### EXERCISE
Copy out the data below from the line containing "Royal Canin Recovery 195g Cat and Dog Food" to the line containing "Heirloom Corn Seeds", both lines included, with all images left out.

### ENTRIES PROVIDED
----------------

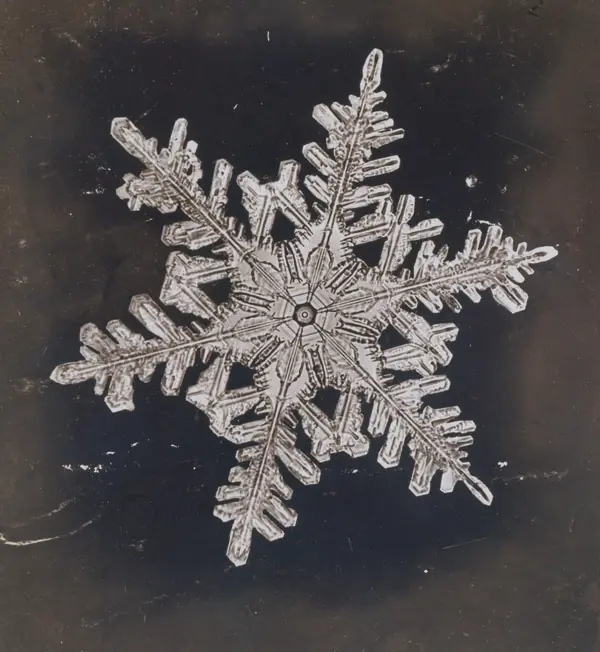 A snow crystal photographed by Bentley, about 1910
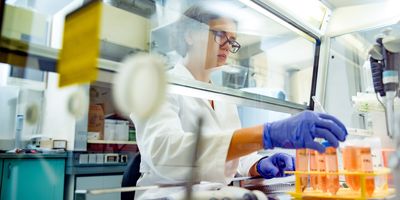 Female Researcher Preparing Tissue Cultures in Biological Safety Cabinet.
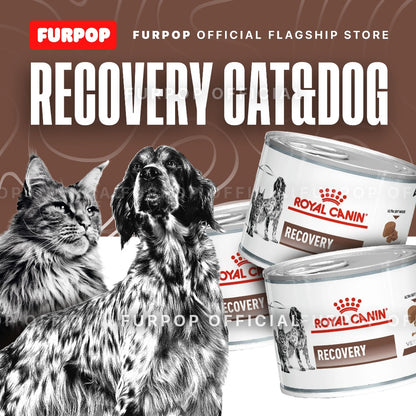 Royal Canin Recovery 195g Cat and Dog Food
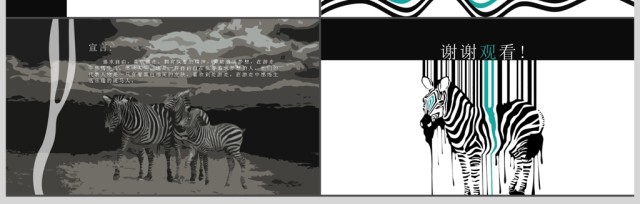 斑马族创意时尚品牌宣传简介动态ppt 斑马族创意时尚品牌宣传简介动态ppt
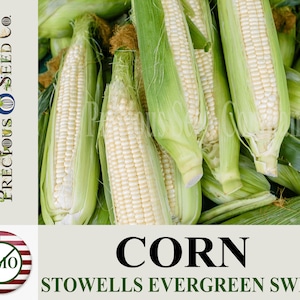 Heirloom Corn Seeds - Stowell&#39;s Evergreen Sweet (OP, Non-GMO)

----------------

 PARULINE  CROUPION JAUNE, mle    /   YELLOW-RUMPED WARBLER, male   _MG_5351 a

----------------

### RESPONSE
 Royal Canin Recovery 195g Cat and Dog Food
 斑马族创意时尚品牌宣传简介动态ppt 斑马族创意时尚品牌宣传简介动态ppt
 Heirloom Corn Seeds - Stowell&#39;s Evergreen Sweet (OP, Non-GMO)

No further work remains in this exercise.